### Data for the task
== == ==
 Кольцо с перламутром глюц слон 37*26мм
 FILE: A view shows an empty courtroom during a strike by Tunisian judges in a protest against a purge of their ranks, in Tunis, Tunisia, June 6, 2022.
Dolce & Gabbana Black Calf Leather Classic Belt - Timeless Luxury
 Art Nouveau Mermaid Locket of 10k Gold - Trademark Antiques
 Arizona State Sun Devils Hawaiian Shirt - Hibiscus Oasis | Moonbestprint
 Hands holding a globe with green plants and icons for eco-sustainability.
== == ==
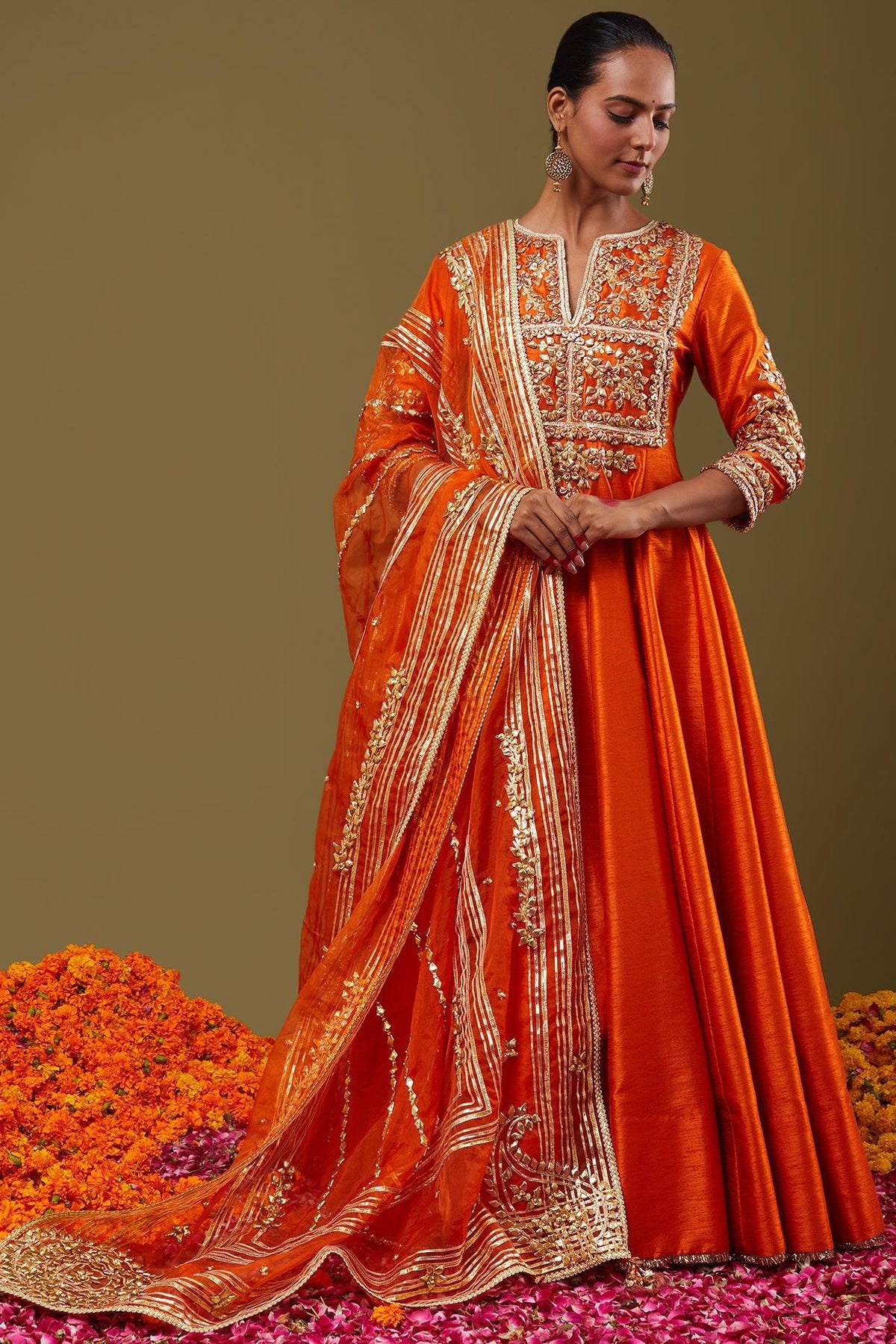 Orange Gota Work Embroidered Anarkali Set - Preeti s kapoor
== == ==
### Problem to work on
Transcribe the lines above between the line holding "Кольцо с перламутром глюц слон 37*26мм" and the line holding "Hands holding a", inclusive, exactly as they stand and with nothing added.

### Task solution
 Кольцо с перламутром глюц слон 37*26мм
 FILE: A view shows an empty courtroom during a strike by Tunisian judges in a protest against a purge of their ranks, in Tunis, Tunisia, June 6, 2022.
Dolce & Gabbana Black Calf Leather Classic Belt - Timeless Luxury
 Art Nouveau Mermaid Locket of 10k Gold - Trademark Antiques
 Arizona State Sun Devils Hawaiian Shirt - Hibiscus Oasis | Moonbestprint
 Hands holding a globe with green plants and icons for eco-sustainability.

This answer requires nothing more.